An air purifier eliminates many common causes of allergies.
An air purifier is a small device designed to remove such airborne contaminants as pet dander, smoke, and dust. According to the Environmental Protection Agency (EPA), a portable air cleaner is one of the most effective ways to improve the indoor air quality in a single room or area. However, no matter the quality of the air purifier you buy, there’s no model in the world that can banish all of the pollutants in your home.
Air purifiers use filters to “trap” pollutants.
Here’s how an air purifier works: Air gets sucked into the device via an internal fan system, which is then passed along to the filter inside. The filter traps airborne pollutants like dust and then a fan pushes clean air out into the room. There are two basic types of air filters in air purifiers: One eliminates particles and one removes gases—some of these even purport to remove volatile organic compounds (VOCs).
Check the packaging for acronyms that indicate effectiveness.

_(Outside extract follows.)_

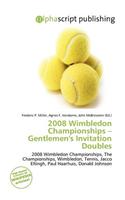 2008 Wimbledon Championships - Gentlemen's Invitation Doubles: (English)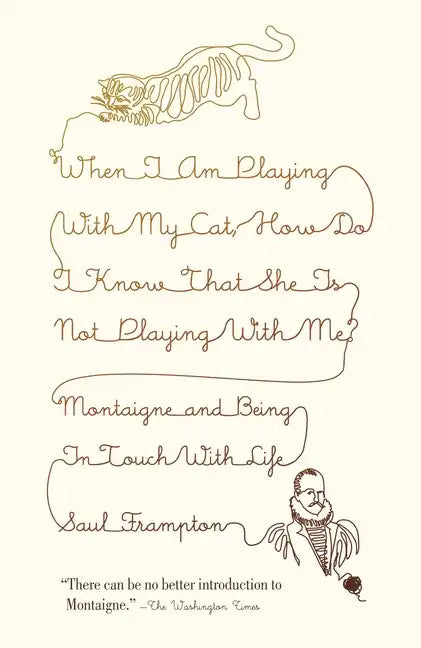 When I Am Playing with My Cat, How Do I Know That She Is Not Playing with Me?: Montaigne and Being in Touch with Life - Paperback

If you want an air purifier to remove particles like dust, dirt, and soot, check the packaging or product description for a clean air delivery rate (CADR). The higher the CADR, the more particles it can trap. Another sign of an effective air purifier is the use of a high-efficiency particulate air (HEPA) filter. An air purifier with a HEPA filter is likely to have a relatively high CADR.
You’ll know it’s working when you see the evidence.

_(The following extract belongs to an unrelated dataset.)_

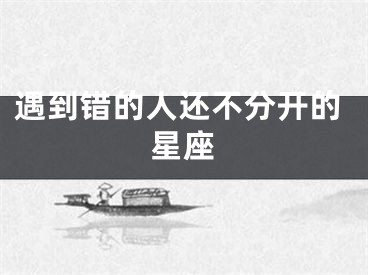 遇到错的人还不分开的星座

You never know just how contaminated the air inside your home is until you use an air purifier and see the particles collected on the filter. Depending on the model, you can just pop off the back panel to take a peek inside at the filter. These generally need to be changed about twice a year, or whenever the filter looks completely full.
But will you feel any different? Hopefully, yes—and perhaps in more ways than one. A small-scale study in China found that air purifiers not only reduced fine particulate matter in the air (dust, pollen, dander) but also improved participants’ blood pressure levels and lung function.

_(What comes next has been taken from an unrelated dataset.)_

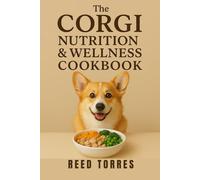 The Corgi Nutrition & Wellness Cookbook: 45 Vet-Approved Recipes to Support Joint Health, Weight Balance & Everyday Energy, With a 21-Day Healthy Start Plan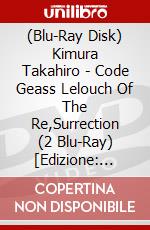 (Blu-Ray Disk) Kimura Takahiro - Code Geass Lelouch Of The Re,Surrection (2 Blu-Ray) [Edizione: Giappone] brd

If you’re not feeling a positive effect on your allergy symptoms after using an air purifier for a month or two, you might want to reevaluate its placement in the room (maybe moving it closer to your bed or couch or further away from a door or window). If you notice an improvement at first only to have it wane, remember to check the filter to see if it needs to be changed.
An air purifier won’t eliminate mold or the issues mold can cause to your health and your home.
Some people are allergic to household mold (often caused by water damage inside the home), with some symptoms similar to those of seasonal, dust, and animal dander allergies. Unfortunately, air purifiers aren’t designed to remove mold, nor can the devices eliminate the musty odors associated with mold. To solve the problem, investigate and repair the source of any water damage and then contact a mold remediation service, professionals that use antimicrobial agents to remove mold.
Severe allergy or asthma sufferers should consider an air purifier.
If routine allergies or asthma symptoms negatively impact your life, the evidence that a HEPA filter improves respiratory health may encourage you to shop around for an air purifier. The best air purifiers generally cost between $200 and $900 on the high end, but since it’s recommended to run them constantly, expect a spike in your electricity bill. Though some devices are more energy-efficient than others, the average HEPA air purifier will consume 50 to 200 watts of electricity and run you an extra $30 to $90 annually to keep them plugged in and working. If you’re concerned about your bottom line, look for the blue ENERGY STAR sticker when shopping to take home a certified model that uses 40 percent less energy to operate.